# spearing trip from hell



## reefcreature (Oct 3, 2007)

got to navy point ramp shortly before 7am Saturday. put the boat in the water and let it warm up while Tom(Hayworthfloors.com) and a friend of his Brandon to arrive. they got there a short time later and we got the boat loaded and off we went. we really didn't have any spots we were going to because we wanted to see what the seas were like. once out of the pass the seas were a little rougher than we wanted but was still do-able and decided to stay closer to shore.

first stop was paradise hole.
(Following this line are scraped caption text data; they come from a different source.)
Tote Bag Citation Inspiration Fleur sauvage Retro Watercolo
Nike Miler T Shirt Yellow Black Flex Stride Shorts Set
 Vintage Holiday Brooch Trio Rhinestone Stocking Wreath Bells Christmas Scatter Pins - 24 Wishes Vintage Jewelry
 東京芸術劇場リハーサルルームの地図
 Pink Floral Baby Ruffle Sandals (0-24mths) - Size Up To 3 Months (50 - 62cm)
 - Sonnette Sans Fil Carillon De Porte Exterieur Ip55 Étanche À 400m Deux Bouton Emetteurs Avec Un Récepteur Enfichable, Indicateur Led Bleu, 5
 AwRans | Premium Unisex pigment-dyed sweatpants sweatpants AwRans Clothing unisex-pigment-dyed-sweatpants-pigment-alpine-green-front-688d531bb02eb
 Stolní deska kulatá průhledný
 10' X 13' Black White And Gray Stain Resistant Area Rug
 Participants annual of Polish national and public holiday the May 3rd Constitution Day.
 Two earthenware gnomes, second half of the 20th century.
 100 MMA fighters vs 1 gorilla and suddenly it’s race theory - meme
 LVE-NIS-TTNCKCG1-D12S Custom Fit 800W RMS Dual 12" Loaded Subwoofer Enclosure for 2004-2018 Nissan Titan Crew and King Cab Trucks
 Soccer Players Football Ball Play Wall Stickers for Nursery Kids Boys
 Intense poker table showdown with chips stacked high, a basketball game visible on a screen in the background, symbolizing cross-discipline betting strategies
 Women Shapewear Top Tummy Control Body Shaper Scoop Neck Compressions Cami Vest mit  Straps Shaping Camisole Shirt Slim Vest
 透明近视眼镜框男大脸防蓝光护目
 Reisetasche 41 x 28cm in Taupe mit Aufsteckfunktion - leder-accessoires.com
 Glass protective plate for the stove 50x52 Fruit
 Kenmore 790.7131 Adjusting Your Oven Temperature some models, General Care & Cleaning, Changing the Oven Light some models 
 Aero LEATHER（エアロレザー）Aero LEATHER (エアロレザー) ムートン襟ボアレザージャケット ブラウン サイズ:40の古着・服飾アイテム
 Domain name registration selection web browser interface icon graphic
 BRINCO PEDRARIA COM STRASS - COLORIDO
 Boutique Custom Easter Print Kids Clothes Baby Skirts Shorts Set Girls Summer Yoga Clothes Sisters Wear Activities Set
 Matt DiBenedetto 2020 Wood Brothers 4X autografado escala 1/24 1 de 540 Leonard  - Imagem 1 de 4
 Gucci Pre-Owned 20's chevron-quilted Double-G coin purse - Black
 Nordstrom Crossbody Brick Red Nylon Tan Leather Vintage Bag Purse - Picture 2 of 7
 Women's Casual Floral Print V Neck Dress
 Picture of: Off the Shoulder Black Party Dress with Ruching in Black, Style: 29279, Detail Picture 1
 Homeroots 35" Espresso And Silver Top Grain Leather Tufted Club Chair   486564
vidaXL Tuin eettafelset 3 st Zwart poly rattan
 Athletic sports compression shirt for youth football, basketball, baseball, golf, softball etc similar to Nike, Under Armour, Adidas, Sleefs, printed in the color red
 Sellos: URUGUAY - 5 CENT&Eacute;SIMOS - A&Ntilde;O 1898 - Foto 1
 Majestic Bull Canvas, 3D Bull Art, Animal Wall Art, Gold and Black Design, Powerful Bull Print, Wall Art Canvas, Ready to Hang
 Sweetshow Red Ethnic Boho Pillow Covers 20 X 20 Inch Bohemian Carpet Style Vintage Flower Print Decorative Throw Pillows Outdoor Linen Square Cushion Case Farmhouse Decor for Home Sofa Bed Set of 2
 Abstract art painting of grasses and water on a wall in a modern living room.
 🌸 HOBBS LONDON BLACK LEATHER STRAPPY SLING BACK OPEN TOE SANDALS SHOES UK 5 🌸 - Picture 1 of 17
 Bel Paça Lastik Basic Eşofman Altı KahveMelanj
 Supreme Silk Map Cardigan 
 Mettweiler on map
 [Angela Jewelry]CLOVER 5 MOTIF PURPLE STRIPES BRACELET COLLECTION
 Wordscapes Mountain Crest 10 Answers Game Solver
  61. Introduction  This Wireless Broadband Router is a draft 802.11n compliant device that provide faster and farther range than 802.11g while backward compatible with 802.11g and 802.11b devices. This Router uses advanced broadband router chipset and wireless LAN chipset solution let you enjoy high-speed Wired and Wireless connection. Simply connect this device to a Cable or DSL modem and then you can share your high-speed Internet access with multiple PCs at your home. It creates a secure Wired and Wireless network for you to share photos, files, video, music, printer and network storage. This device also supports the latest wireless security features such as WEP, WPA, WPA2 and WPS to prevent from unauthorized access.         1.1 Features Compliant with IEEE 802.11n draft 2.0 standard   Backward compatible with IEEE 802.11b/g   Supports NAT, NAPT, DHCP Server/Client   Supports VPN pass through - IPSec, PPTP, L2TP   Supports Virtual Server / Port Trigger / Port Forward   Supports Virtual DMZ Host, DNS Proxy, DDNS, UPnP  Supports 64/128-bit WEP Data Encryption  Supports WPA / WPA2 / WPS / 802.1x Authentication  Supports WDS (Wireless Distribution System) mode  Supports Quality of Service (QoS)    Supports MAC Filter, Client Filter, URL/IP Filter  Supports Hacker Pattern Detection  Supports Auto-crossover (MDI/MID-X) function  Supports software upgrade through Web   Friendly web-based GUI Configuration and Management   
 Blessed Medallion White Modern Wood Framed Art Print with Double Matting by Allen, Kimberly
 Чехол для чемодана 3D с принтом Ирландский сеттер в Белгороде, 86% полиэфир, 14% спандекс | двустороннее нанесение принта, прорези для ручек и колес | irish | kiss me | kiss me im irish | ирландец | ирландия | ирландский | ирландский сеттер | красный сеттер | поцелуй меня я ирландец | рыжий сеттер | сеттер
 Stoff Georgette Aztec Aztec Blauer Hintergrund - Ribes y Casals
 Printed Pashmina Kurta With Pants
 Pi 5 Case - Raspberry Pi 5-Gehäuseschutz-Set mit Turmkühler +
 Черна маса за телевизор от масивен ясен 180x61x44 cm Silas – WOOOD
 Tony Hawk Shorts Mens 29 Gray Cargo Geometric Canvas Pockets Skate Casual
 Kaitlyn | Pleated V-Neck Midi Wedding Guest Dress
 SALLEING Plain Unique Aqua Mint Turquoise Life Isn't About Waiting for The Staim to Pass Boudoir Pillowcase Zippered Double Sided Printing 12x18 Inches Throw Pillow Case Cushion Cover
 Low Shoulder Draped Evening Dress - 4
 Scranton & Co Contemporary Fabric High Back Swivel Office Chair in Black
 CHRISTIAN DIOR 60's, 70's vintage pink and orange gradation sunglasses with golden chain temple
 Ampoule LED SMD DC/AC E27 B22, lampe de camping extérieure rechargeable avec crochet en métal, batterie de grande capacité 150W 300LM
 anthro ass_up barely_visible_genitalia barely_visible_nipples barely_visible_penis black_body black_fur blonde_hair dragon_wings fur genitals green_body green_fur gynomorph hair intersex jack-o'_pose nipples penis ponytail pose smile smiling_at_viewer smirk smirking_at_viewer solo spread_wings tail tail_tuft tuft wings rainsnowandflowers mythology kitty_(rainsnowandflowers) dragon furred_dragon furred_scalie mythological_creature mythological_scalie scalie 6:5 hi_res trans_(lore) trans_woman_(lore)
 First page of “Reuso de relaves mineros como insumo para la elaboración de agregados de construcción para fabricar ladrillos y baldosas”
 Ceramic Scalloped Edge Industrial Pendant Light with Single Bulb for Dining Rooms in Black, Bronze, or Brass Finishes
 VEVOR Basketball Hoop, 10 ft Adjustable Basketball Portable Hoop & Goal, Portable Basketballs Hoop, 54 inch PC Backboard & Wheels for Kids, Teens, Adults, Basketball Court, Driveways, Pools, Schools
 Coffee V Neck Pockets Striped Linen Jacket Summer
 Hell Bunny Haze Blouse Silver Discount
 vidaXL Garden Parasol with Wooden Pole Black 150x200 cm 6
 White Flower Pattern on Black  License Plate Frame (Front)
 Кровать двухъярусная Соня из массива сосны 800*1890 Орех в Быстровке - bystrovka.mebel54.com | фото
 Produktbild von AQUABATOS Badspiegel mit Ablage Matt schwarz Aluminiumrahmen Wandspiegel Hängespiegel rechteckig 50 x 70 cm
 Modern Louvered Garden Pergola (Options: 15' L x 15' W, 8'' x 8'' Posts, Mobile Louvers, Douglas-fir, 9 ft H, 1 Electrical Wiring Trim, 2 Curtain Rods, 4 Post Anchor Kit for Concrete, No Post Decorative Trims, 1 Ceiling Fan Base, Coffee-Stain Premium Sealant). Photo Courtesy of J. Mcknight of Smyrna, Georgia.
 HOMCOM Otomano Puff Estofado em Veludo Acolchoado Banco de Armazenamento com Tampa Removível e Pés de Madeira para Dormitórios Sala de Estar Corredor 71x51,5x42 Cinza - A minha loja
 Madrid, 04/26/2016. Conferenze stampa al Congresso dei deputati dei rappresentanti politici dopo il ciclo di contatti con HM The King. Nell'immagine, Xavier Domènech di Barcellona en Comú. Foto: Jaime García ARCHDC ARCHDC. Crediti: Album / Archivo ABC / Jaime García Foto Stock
Tom has never dove there and i have shot some nice size snapper there before. once on site brandon was hooked up on a snapper before we even got the anchor set. brandon was along for fishing not diving which was fine by me. the bottom finder was lit up with fish so we geared up and down we go. vis was not to good at top and even worse on bottom around 4 foot if that. after a few minutes we decided to surface empty handed. my bottom time was 15 minutes, max depth of 105

with the seas still rough we decided to hit the Meek liberty ship. we were the only boat on site when we got there. set the anchor suited up and down we go. vis on bottom was far better than the first dive around 25ish i would say. but the fish were all under except for a few that would not let you get close enough. after a 30 minute bottom time up i go, did the safety stop and seen Tom had already got in the boat. when i got in theboat we noticed a nasty looking storm coming in fairly quick. 

now this is where things start turning against us because neither tom nor i removed the anchor from the wreck that it was hung in. after a few minutes of trying to play it out of its hang up we forced it out with the boat. by this time the storm was getting closer and the waves were gettin much bigger. oh yea we are in my 20' pursuit. heading back to the pass was a bit more intimidating because it was lightning some and the seas were getting rougher. keep in mind we are loaded down with dive gear, a large cooler full of ice and drinks about 40-50 gallons of fuel and fish that Brandon caught made my old boat very sluggish but still very manageable.

making headway to the pass and just under a 1/2 mile from shore everything is doing good when all of a sudden there is bang and the motor revs up real high. i throw it in neutral and the motor idles fine. put it back in gear, nothing. the prop is not spinning in either direction. now we are in deep do-do.Tom throws the anchor in while i call tow boat us. the anchor will not set and we aredrifting towards shore at a fairly good pace. i grab the stern anchor and throw it off the front but it is too small to do any good. only good thing was the anchors were keeping the bow pointed into the waves. i call the coast guard to inform them of our predictiment. by now we have entered the surf zone with 4 foot waves crashing on us and in moments we were on the beach.we jump out trying to keep the bow pointed into the waves but were not able too due to the rough surf.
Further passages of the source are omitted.